I saw a rock rose dry up
dry dry, it dried up
if I could cry it a river
with my eyes, I cry
a truth that hurts, hurt
wells up green in my tear duct
a heavy churning, alas
a void left by
that rock rose rock rose rock rose
a rock rose
that no longer flowered
if I could cry it a river with my eyes,
There’s a Slovenian performer, Irena Z. Tomažin, who says that only the voice can truly expose our “inner core”. That bodies – and, as I understand it, our bodies, but all the other bodies, of entities, of things, of reservoirs, of primeval seas… – have a surface that marks the boundary where the eye stops. She says that the ear can hear depth. And that from the voice, by listening, from things that have been said, sung, imagined, we can submerge ourselves, sink, swim almost to the bottom, enter deep inside.

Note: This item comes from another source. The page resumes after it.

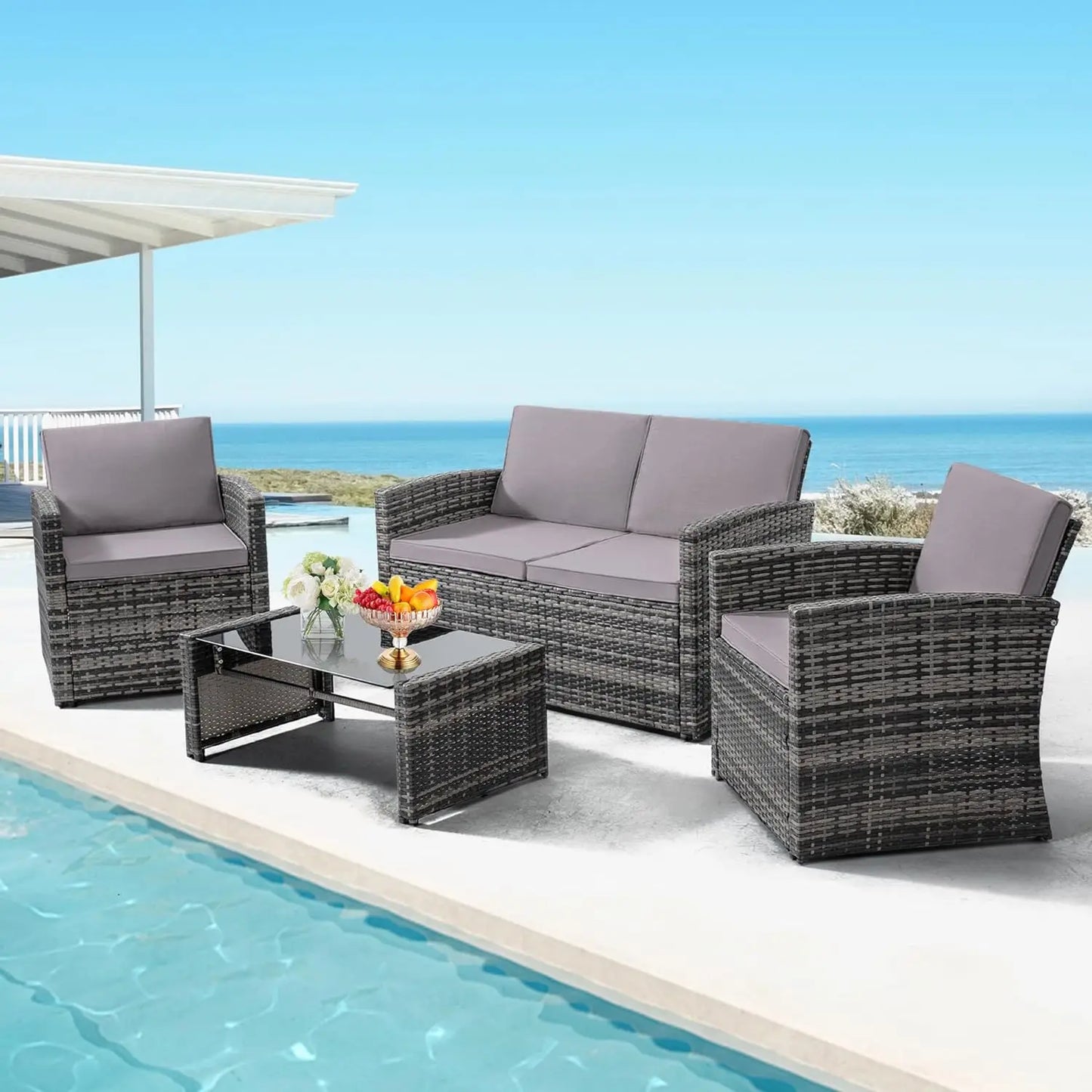 Outside Rattan Sectional Sofa Cushioned Furniture Set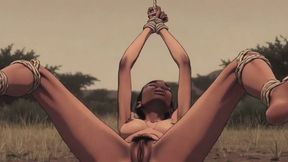 Ebony African Beauty Bound in Wild Savanna - Fear & Intense Arousal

I don’t remember where I read an Indian story that said all natural things have a shadow or a spirit. Will the voice also reach them?
A few years ago, they tried to empty the Sau reservoir. To kill the wels catfish. And the place was teeming with people, with cars, with families who wanted to walk through the ghost village. To return home. To see their school. There’s a photo of a man going inside a cemetery niche. But they didn’t manage to get rid of the catfish and a man from Mollet said disappointedly to a journalist, “All that’s left are a few stones…”
All that’s left are a few stones…
All that’s left are a few stones…
Have you seen the pilgrimages that used to take place in some villages when the reservoir had run out of water?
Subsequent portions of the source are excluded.